#### [INFORMATION GIVEN]

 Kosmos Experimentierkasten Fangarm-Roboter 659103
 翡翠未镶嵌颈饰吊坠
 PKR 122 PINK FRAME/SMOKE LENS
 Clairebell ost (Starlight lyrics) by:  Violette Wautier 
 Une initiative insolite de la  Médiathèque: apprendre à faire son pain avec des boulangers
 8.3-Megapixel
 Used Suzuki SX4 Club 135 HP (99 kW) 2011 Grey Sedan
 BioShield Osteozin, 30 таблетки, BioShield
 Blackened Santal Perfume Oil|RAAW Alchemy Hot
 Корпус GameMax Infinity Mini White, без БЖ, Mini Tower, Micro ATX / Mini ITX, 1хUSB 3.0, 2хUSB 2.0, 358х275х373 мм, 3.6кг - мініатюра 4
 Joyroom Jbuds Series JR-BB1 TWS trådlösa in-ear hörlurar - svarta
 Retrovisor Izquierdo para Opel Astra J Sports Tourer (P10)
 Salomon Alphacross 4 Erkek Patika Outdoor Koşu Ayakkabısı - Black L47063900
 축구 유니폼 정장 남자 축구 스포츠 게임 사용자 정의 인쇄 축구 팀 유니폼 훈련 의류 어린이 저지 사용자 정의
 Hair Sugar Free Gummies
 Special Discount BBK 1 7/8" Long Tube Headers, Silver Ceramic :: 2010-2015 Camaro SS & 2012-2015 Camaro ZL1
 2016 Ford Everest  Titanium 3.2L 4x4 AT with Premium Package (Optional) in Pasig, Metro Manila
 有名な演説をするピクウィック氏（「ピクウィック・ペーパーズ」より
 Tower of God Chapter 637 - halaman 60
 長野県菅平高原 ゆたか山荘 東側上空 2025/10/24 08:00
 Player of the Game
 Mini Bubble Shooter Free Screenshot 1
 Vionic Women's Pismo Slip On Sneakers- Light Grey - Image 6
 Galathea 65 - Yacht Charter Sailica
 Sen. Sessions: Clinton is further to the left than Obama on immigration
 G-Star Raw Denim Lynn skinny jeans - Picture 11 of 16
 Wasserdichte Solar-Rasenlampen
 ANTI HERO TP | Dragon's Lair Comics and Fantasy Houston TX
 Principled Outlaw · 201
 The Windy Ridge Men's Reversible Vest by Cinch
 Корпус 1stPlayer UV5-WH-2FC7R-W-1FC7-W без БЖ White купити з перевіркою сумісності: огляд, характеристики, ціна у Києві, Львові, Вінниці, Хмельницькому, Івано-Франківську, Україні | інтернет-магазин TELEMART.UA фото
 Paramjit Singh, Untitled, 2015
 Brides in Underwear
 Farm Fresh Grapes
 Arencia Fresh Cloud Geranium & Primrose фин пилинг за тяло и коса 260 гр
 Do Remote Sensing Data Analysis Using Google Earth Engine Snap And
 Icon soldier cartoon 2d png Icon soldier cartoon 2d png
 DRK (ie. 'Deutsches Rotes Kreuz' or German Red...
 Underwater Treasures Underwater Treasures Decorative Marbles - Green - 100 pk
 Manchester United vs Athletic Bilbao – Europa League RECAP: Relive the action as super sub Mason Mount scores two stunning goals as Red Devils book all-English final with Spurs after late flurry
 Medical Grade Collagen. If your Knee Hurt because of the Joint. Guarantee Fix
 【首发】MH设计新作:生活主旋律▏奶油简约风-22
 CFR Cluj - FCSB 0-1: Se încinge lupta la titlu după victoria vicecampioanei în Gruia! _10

#### [WHAT THE EXERCISE ASKS]
Copy every line above exactly.

#### [OUTPUT FOR THIS TASK]
 Kosmos Experimentierkasten Fangarm-Roboter 659103
 翡翠未镶嵌颈饰吊坠
 PKR 122 PINK FRAME/SMOKE LENS
 Clairebell ost (Starlight lyrics) by:  Violette Wautier 
 Une initiative insolite de la  Médiathèque: apprendre à faire son pain avec des boulangers
 8.3-Megapixel
 Used Suzuki SX4 Club 135 HP (99 kW) 2011 Grey Sedan
 BioShield Osteozin, 30 таблетки, BioShield
 Blackened Santal Perfume Oil|RAAW Alchemy Hot
 Корпус GameMax Infinity Mini White, без БЖ, Mini Tower, Micro ATX / Mini ITX, 1хUSB 3.0, 2хUSB 2.0, 358х275х373 мм, 3.6кг - мініатюра 4
 Joyroom Jbuds Series JR-BB1 TWS trådlösa in-ear hörlurar - svarta
 Retrovisor Izquierdo para Opel Astra J Sports Tourer (P10)
 Salomon Alphacross 4 Erkek Patika Outdoor Koşu Ayakkabısı - Black L47063900
 축구 유니폼 정장 남자 축구 스포츠 게임 사용자 정의 인쇄 축구 팀 유니폼 훈련 의류 어린이 저지 사용자 정의
 Hair Sugar Free Gummies
 Special Discount BBK 1 7/8" Long Tube Headers, Silver Ceramic :: 2010-2015 Camaro SS & 2012-2015 Camaro ZL1
 2016 Ford Everest  Titanium 3.2L 4x4 AT with Premium Package (Optional) in Pasig, Metro Manila
 有名な演説をするピクウィック氏（「ピクウィック・ペーパーズ」より
 Tower of God Chapter 637 - halaman 60
 長野県菅平高原 ゆたか山荘 東側上空 2025/10/24 08:00
 Player of the Game
 Mini Bubble Shooter Free Screenshot 1
 Vionic Women's Pismo Slip On Sneakers- Light Grey - Image 6
 Galathea 65 - Yacht Charter Sailica
 Sen. Sessions: Clinton is further to the left than Obama on immigration
 G-Star Raw Denim Lynn skinny jeans - Picture 11 of 16
 Wasserdichte Solar-Rasenlampen
 ANTI HERO TP | Dragon's Lair Comics and Fantasy Houston TX
 Principled Outlaw · 201
 The Windy Ridge Men's Reversible Vest by Cinch
 Корпус 1stPlayer UV5-WH-2FC7R-W-1FC7-W без БЖ White купити з перевіркою сумісності: огляд, характеристики, ціна у Києві, Львові, Вінниці, Хмельницькому, Івано-Франківську, Україні | інтернет-магазин TELEMART.UA фото
 Paramjit Singh, Untitled, 2015
 Brides in Underwear
 Farm Fresh Grapes
 Arencia Fresh Cloud Geranium & Primrose фин пилинг за тяло и коса 260 гр
 Do Remote Sensing Data Analysis Using Google Earth Engine Snap And
 Icon soldier cartoon 2d png Icon soldier cartoon 2d png
 DRK (ie. 'Deutsches Rotes Kreuz' or German Red...
 Underwater Treasures Underwater Treasures Decorative Marbles - Green - 100 pk
 Manchester United vs Athletic Bilbao – Europa League RECAP: Relive the action as super sub Mason Mount scores two stunning goals as Red Devils book all-English final with Spurs after late flurry
 Medical Grade Collagen. If your Knee Hurt because of the Joint. Guarantee Fix
 【首发】MH设计新作:生活主旋律▏奶油简约风-22
 CFR Cluj - FCSB 0-1: Se încinge lupta la titlu după victoria vicecampioanei în Gruia! _10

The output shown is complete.